Les deux interventions de Gillian Webster sont très inégales. Autant elle se montre une Pallade assurée vocalement, autant elle est une voce un peu éteinte et surtout inaudible. En revanche, c’est une musicienne subtile dans la première partie quand elle chante une mélodie “dall’aurea” sur des notes piquées des violons.
Passons enfin sur l’intervention du ténor David Auchincloss qui est peut-être un bon choriste au sein de l’ensemble Gabrieli mais dont la voix trop légère ne lui permet que difficilement de passer l’orchestre.
La direction de Paul McCreesh est claire, enlevée et dynamique et contribue à la réussite du concert. Il se montre attentif à ses solistes, les suit et ralentit son orchestre dans les passages plus intenses notamment lors de la scène de séduction entre Elena et Paride (acte III) quand ce dernier tente de faire comprendre à la jeune fille à quel point il est atteint par l’amour.



Après quelques essais intéressants ces dernières années, il était temps de rendre ses lettres de noblesse à cette oeuvre qui se révèle captivante musicalement et qui recèle de très beaux airs, poignants et émouvants. Gluck s’est largement inspiré de cet opéra pour la version française d’Orphée et Euridice (trio Paride-Elena-Amore est repris pour le trio Orphée-Euridice-Amour) et même si Paride ed Elena n’atteint pas sa perfection, on sent les prémices d’un grand compositeur auquel les interprètes présents ont rendu un vibrant et saisissant hommage.




A noter:
- Un enregistrement est prévu de cet opéra.

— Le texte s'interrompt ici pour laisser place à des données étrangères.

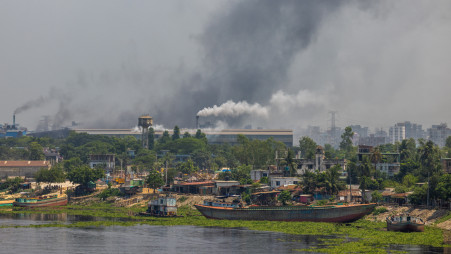 Dense black smoke billows at Narayanganj's industrial zone. This severe pollution threatens the health of residents and students in nearby houses and schools. The photo was taken recently. Photo: Syed Zakir Hossain
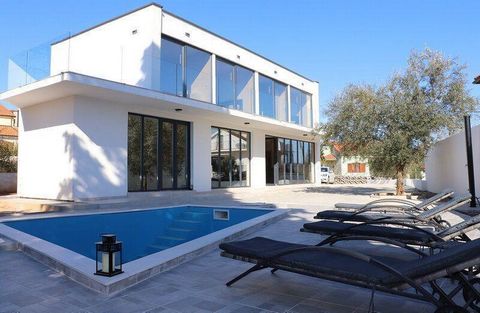New built modern villa in Poljica, Krk, with swimming pool and sea views! Total area is 200 sq.m. Land plot is 520 sq.m. Surrounded by greenery, the villa is situated on a fenced land plot of 520 m². With an interesting layout, it spans two floors, w...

- Ce concert est le premier d’une série consacrée aux voix baroques et qui se poursuit jusqu’au dimanche 26 octobre: au programme, samedi à 17h, des oeuvres de Vivaldi sous la direction de Rinaldo Alessandrini, à 20h, un panorama, par la soprano Raffaella Minalesi et les Talens Lyriques de Christophe Rousset, des airs composés pour les castrats. Enfin dimanche à 16h30, un concert intitulé “anges et démons” dans lequel on pourra entendre dans des oeuvres peu connues de Provenzale, Grillo, par Antonio Florio et son ensemble La Cappella de’Turchini.
- Deux nouveaux disques de Magdalena Kozena viennent de sortir, tous deux dirigés par Marc Minkowski et chez DGG: Giulio Cesare dans lequel elle interprète une magnifique et sensible Cléopâtre et un récital consacré aux airs français qui donne à entendre et à redécouvrir des pages de Massenet, Gounod, Offenbach.